The fantastical science of dreams
By Brett Janecek
In 2009, I saw the remounting of Martha’s Garden of Earthly Delights and remember feeling captivated by the sheer theatricality. I traveled alone that night to the off-Broadway Minetta Lane theatre and bought a student ticket in the front row. The building has character, as one might say, as it’s a bit off the beaten path and, well, there was paint peeling from the walls. The pretense of a Broadway theatre didn’t exist. It felt more like cinema art house—a place where one might go to watch a screening of Fellini. As I took my seat, a beautiful depiction of the Garden of Earthly Delights by Hieronymus Bosch spread before my eyes.
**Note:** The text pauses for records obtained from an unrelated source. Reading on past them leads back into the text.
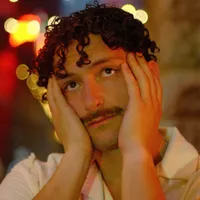 Matthew Orgel
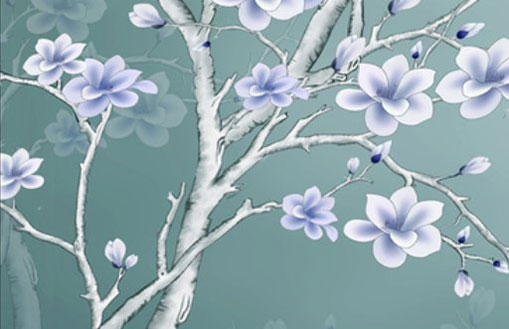 1619967701174025.jpg 2021-01-11_101122.jpg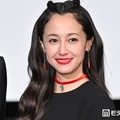 沢尻エリカ（C）モデルプレス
The simple sets, costumes, and bold lighting framed one of the most beautiful moments of theatre I have ever seen: women were suspended by their feet and flown over the audience as men in very sheer flesh-colored suits spun them. The women began to rotate so quickly that their hair spun straight out and created the most beautiful circular pattern, which I had to look straight up in the air to see. Flash forward to fall 2009.
Martha was asked to come to Iowa to create a new work, and I jumped at the opportunity to dramaturg the project. Due to our funding, Martha was asked to create a piece based on a scientific theme or idea. She very quickly chose dreams and we began meeting with scientists in October 2009. Over the course of the next year, the contracts and dates were hammered out and Martha and I began with the natural material: Freud. As I was to learn, the true conceptualization would not be wholly informed by scientific research and theories. Rather, this dream would be born in rehearsals.
The first four weeks were dedicated to improvisation. Martha began working with performers one-on-one and slowly added more dancers and actors to the process. Various smaller collaborations were formed and performers brought in ideas with which Martha was shape and carve and explore. Slowly performers and dancers were added until we began improvising giant group scenes with 16 performers. Towards the end of our last process, we had an incredibly rough cutting of about 20-30 minutes of sequenced material. Whether or not that sequence remains is to be seen, but as the next phase of our process begins, I expect we will be piecing together the fragments into a coherent whole. Most of the characters were originated by ideas from the performers themselves and the actors were particularly astute at finding interesting dramatic language for the production. In the next few weeks, our lighting designer, Christopher Akerlind, and music director, Arthur Solari, will arrive and return, respectively, to shape the show. We will then go into tech. This program note will be printed and you will read these words. All I can say to you at this point is that the show uses light and image and bits of text. The material is psychologically deep, humorous, and representative of neoclassical and romantic beauty.
While I may not be able to tell you what the images mean, I can tell you how they feel. Images have affected our cast and crew in a profound and often private way and to many different ends. We have not selected elements based on any particular set of rules. Rather, we have played and rehearsed and moved and thought and watched over the course of many weeks and grabbed images and moments that responded to our minds and guts. We have had many artistic influences such as the paintings of Goya and Fuseli, the films of Fellini and Herzog, the texts of Dostoevsky and Lewis Carroll, and the ideas and skills of the performers. Some of the moments were preconceived and we experimented with the idea in rehearsal. Others were found by accident—perhaps someone unknowingly sat in an interesting manner or had a particular look on their face. Each moment in this process has been a surprise. While that sounds incredibly frightening and stressful (at times it is), it’s a liberating way to create art. In the hundreds of hours of rehearsal I have witnessed, I attempted to live freely and newly in each moment. I hope you will do the same.